| About this task |
Beginning with the line that holds "Steve Madden Quantumm", output every remaining line of the material below exactly, and include none of the pictures.

◇ ◇ ◇ ◇

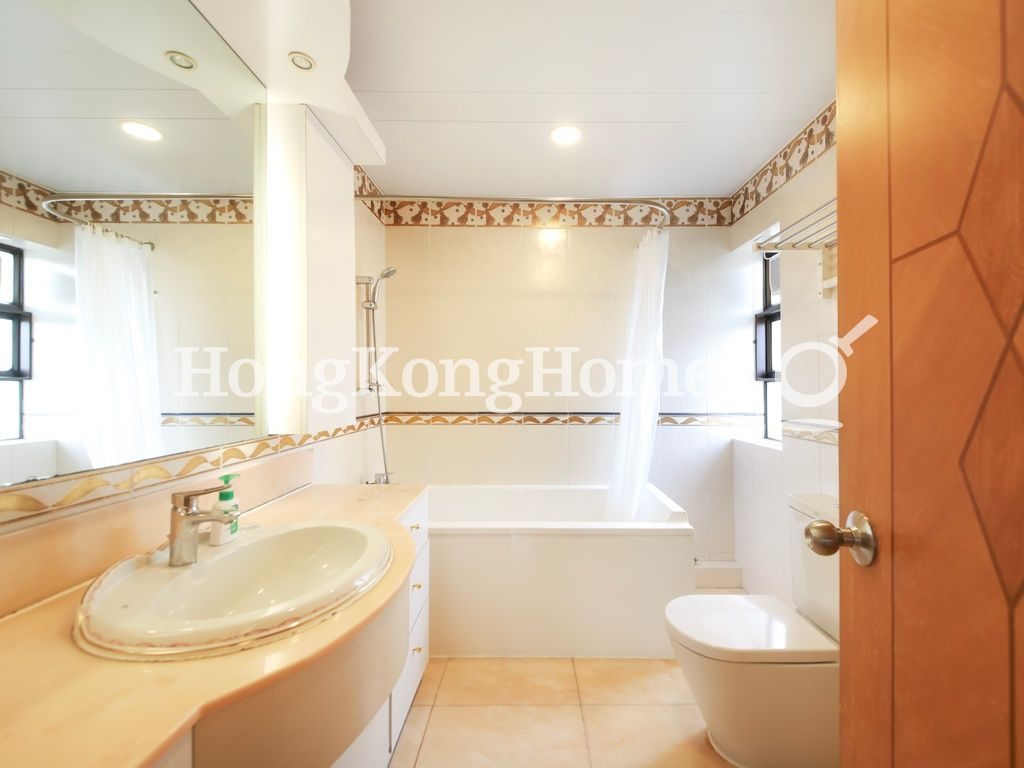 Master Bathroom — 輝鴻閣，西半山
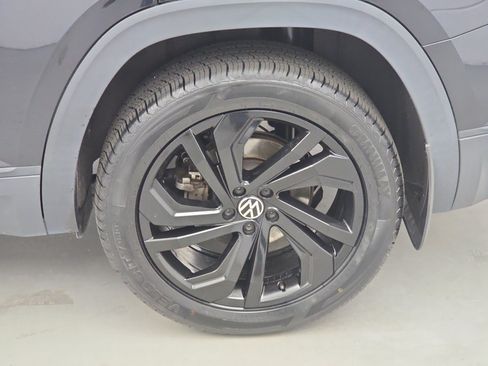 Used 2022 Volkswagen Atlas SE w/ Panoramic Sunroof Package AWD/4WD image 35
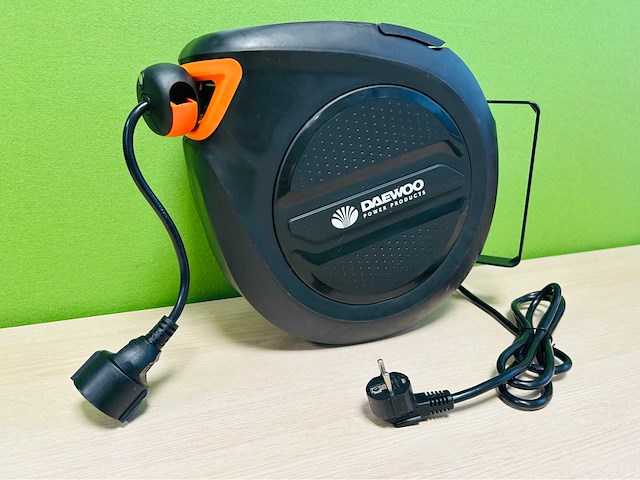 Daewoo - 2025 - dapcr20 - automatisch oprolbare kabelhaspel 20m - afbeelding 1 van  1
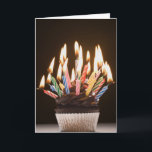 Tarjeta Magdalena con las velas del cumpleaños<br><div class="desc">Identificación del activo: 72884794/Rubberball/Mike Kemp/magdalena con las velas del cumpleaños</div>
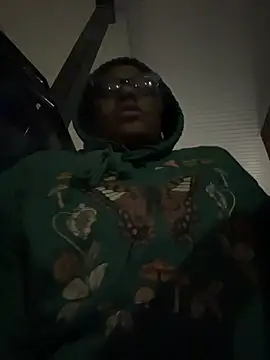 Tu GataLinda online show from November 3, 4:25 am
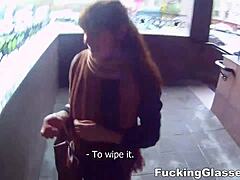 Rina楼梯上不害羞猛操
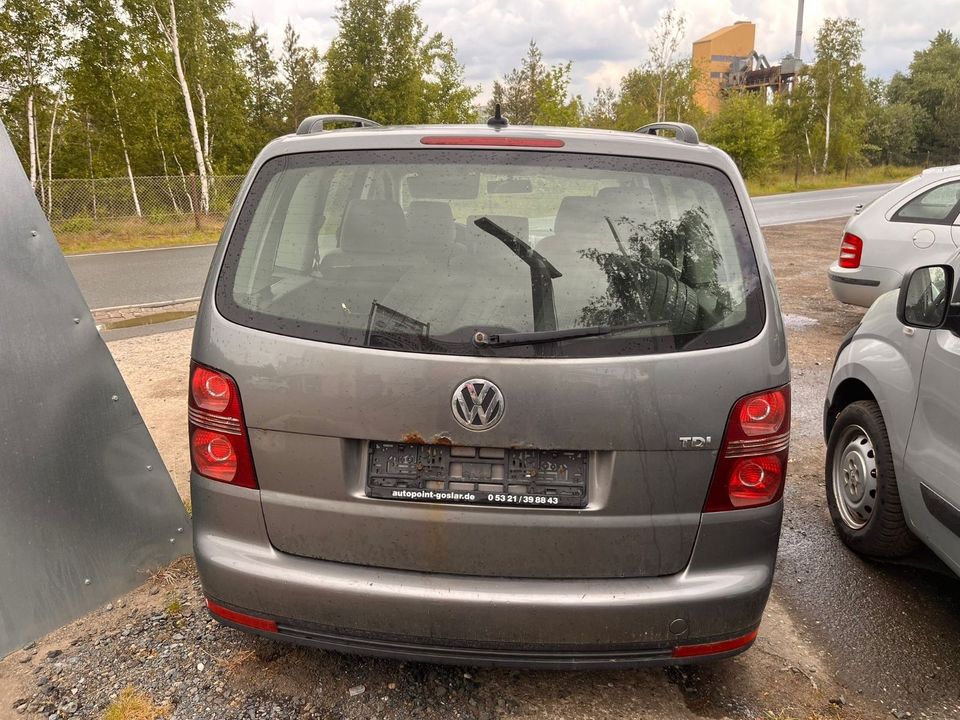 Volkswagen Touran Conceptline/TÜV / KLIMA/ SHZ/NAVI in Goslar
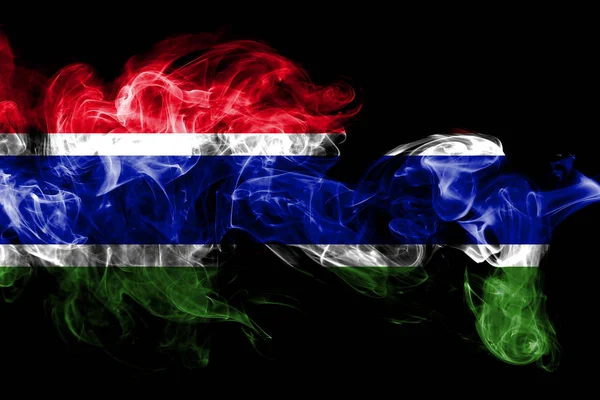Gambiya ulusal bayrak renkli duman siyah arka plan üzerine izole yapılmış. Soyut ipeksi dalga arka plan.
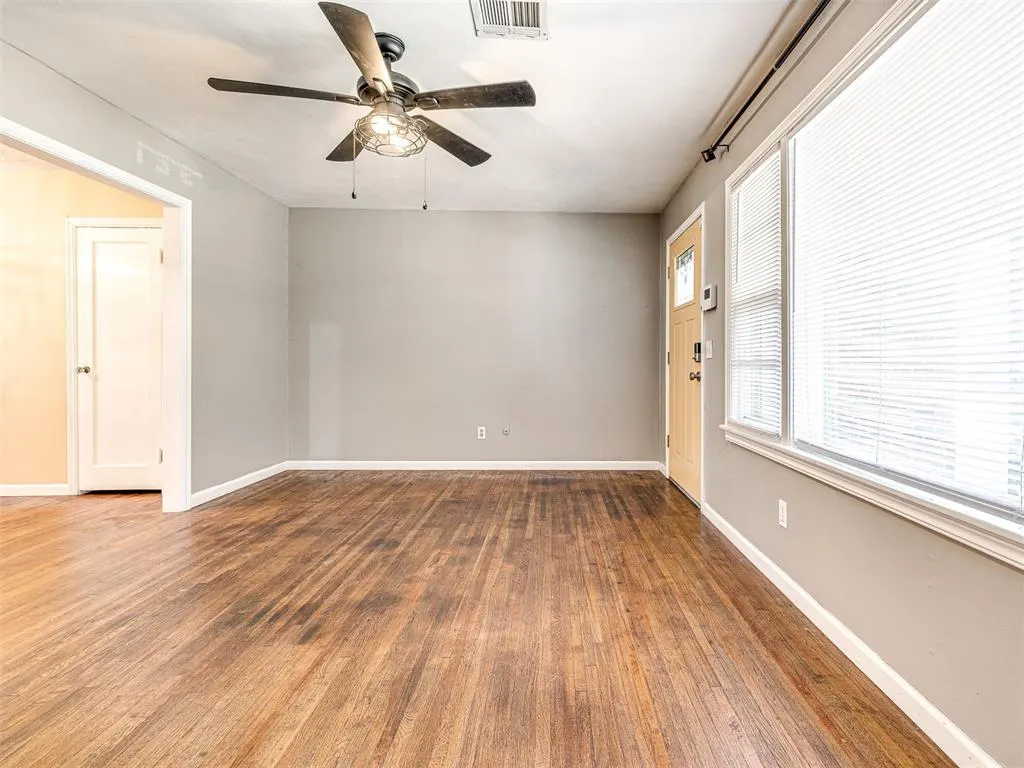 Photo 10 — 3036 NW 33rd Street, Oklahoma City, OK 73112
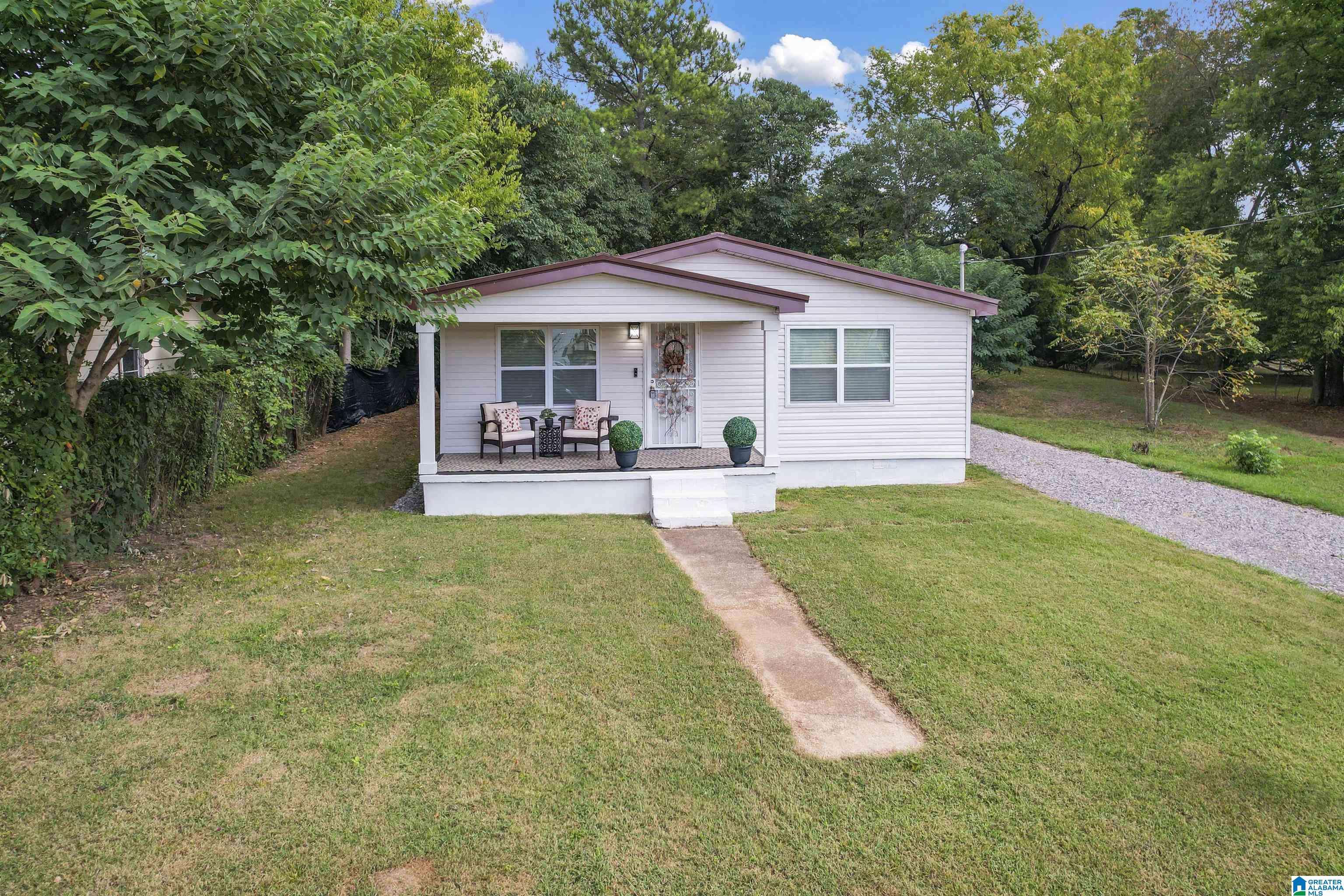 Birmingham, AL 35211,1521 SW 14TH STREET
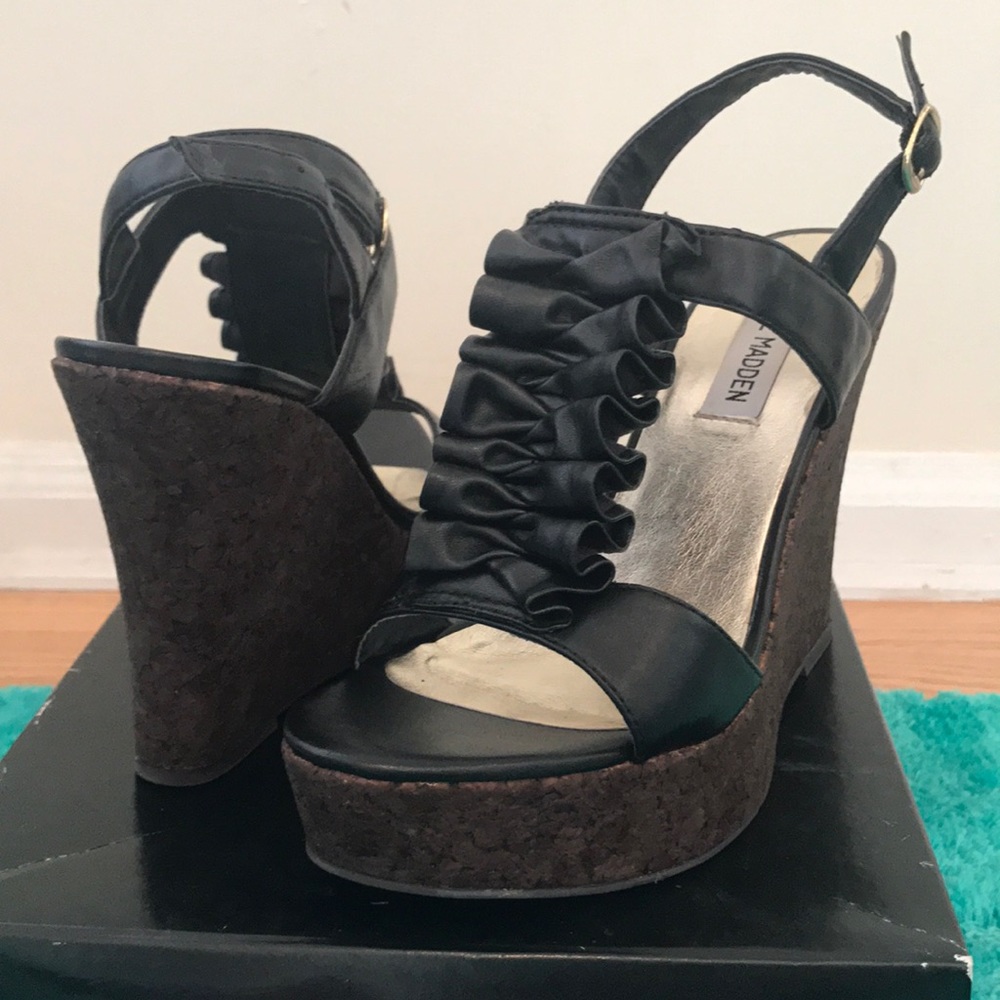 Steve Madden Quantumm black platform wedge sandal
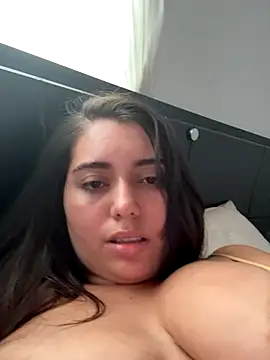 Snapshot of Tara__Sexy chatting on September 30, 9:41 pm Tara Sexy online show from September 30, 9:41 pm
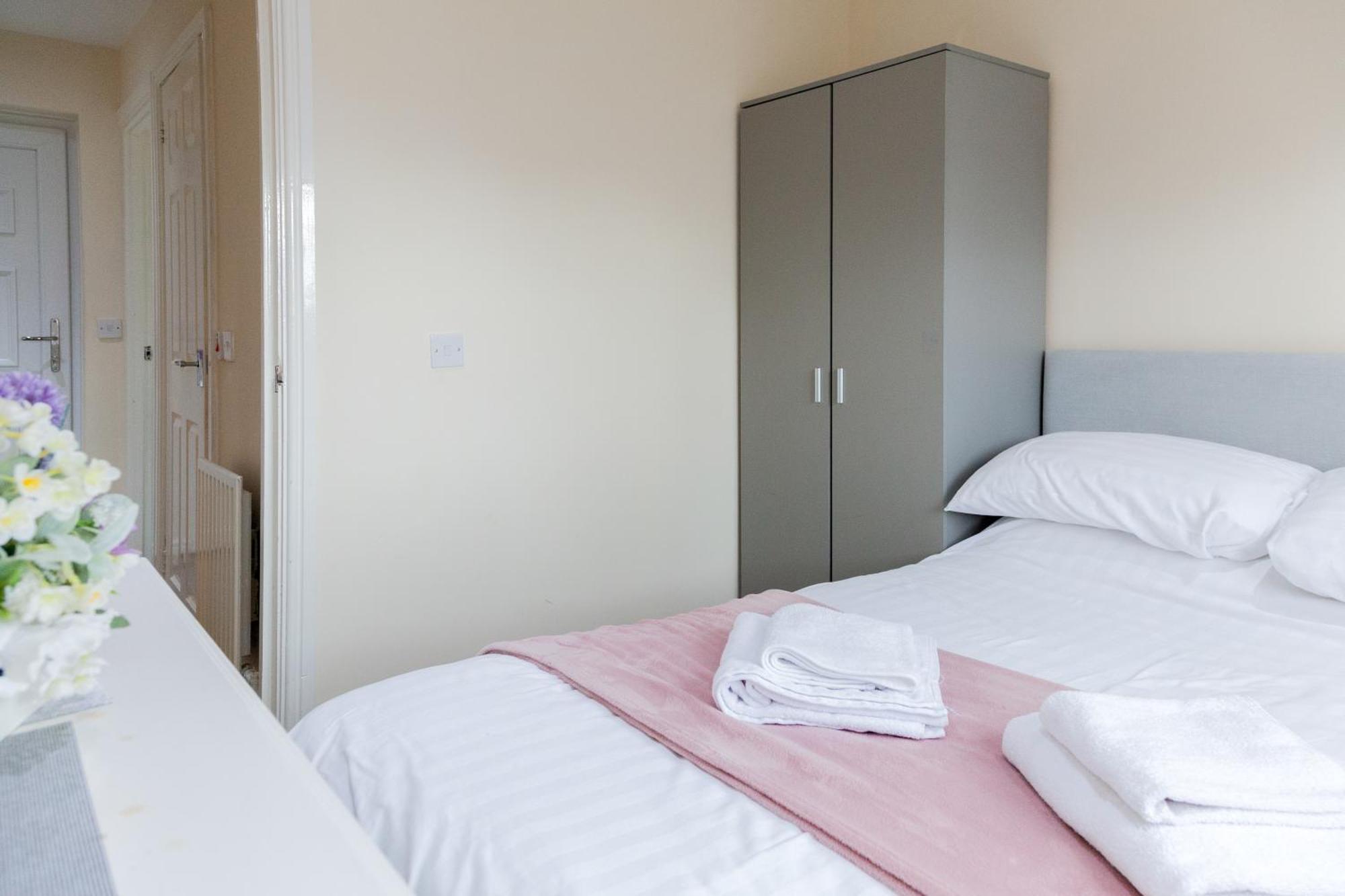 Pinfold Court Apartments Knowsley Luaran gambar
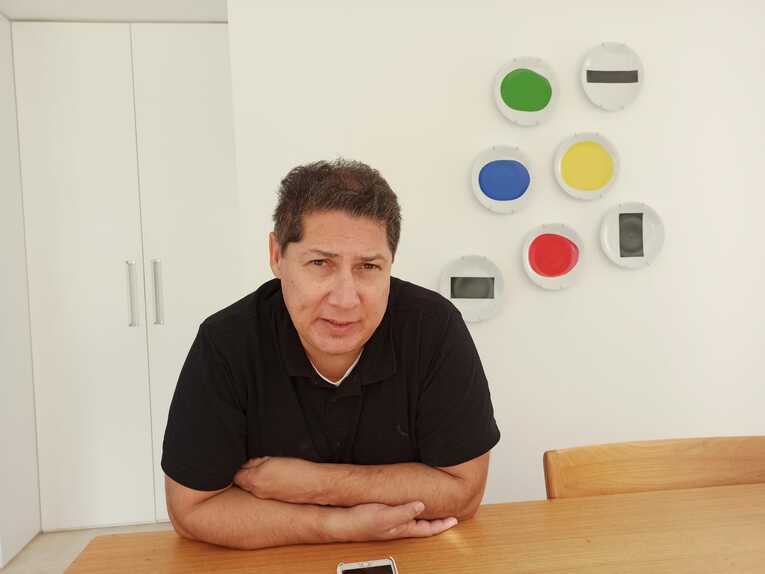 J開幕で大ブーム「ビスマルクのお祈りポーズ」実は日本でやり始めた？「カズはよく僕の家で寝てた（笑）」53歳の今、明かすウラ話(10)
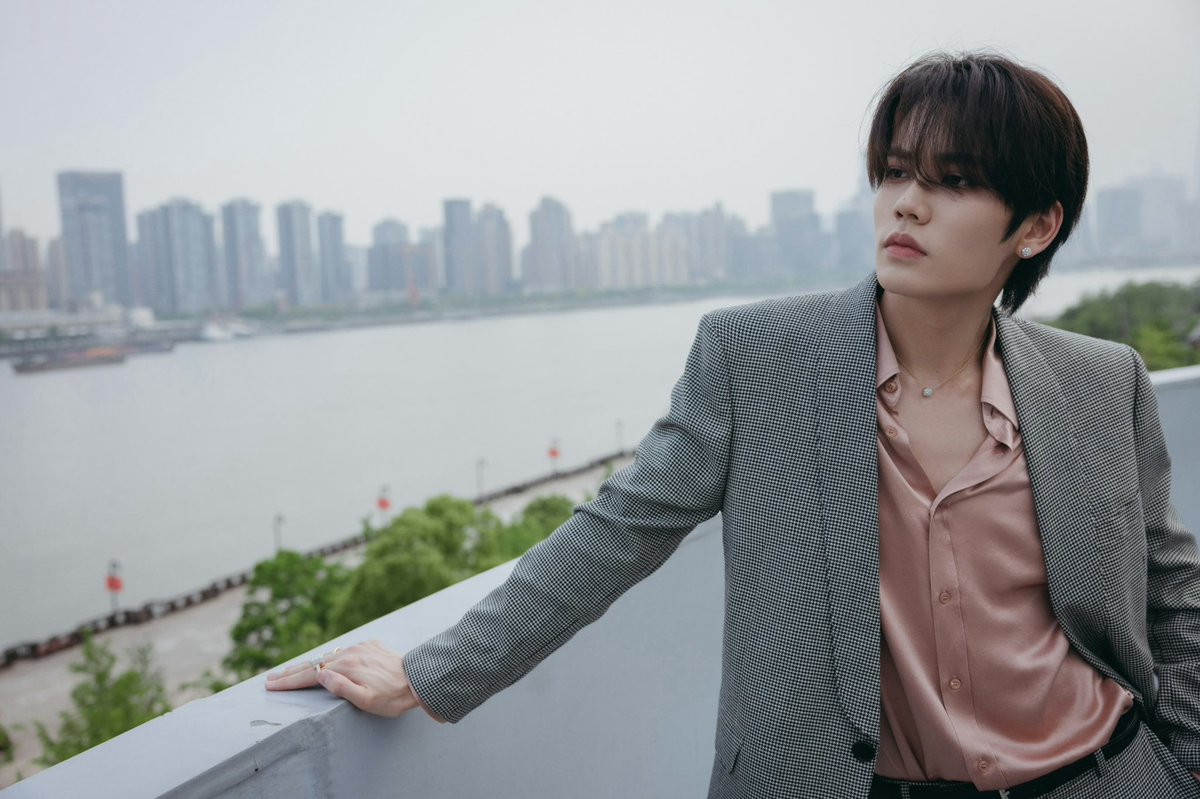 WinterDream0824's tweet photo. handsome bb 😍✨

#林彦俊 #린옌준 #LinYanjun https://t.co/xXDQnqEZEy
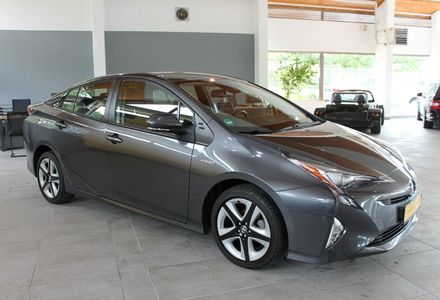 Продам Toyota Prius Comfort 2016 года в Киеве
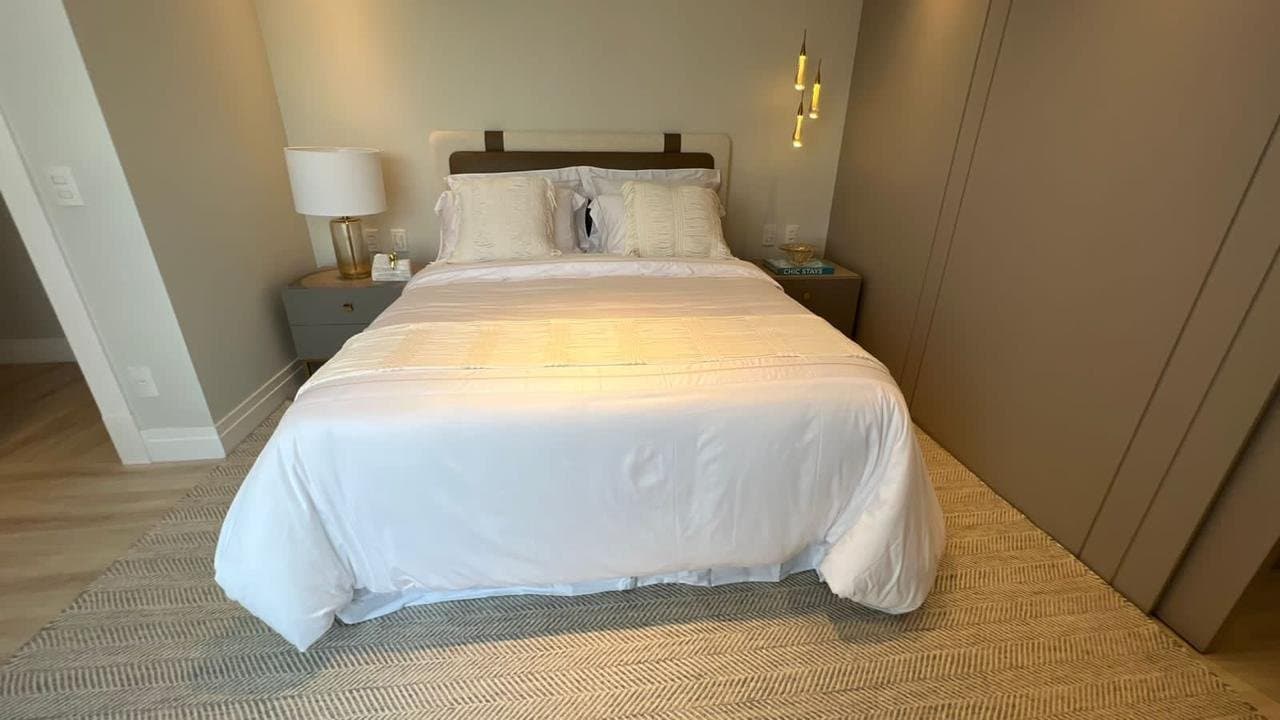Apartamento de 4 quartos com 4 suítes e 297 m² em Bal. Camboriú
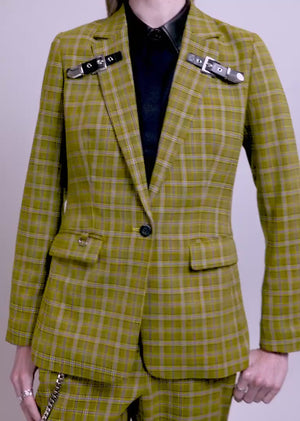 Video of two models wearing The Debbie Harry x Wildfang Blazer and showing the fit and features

◇ ◇ ◇ ◇

| Reply |
 Steve Madden Quantumm black platform wedge sandal
 Snapshot of Tara__Sexy chatting on September 30, 9:41 pm Tara Sexy online show from September 30, 9:41 pm
 Pinfold Court Apartments Knowsley Luaran gambar
 J開幕で大ブーム「ビスマルクのお祈りポーズ」実は日本でやり始めた？「カズはよく僕の家で寝てた（笑）」53歳の今、明かすウラ話(10)
 WinterDream0824's tweet photo. handsome bb 😍✨

#林彦俊 #린옌준 #LinYanjun https://t.co/xXDQnqEZEy
 Продам Toyota Prius Comfort 2016 года в Киеве
Apartamento de 4 quartos com 4 suítes e 297 m² em Bal. Camboriú
 Video of two models wearing The Debbie Harry x Wildfang Blazer and showing the fit and features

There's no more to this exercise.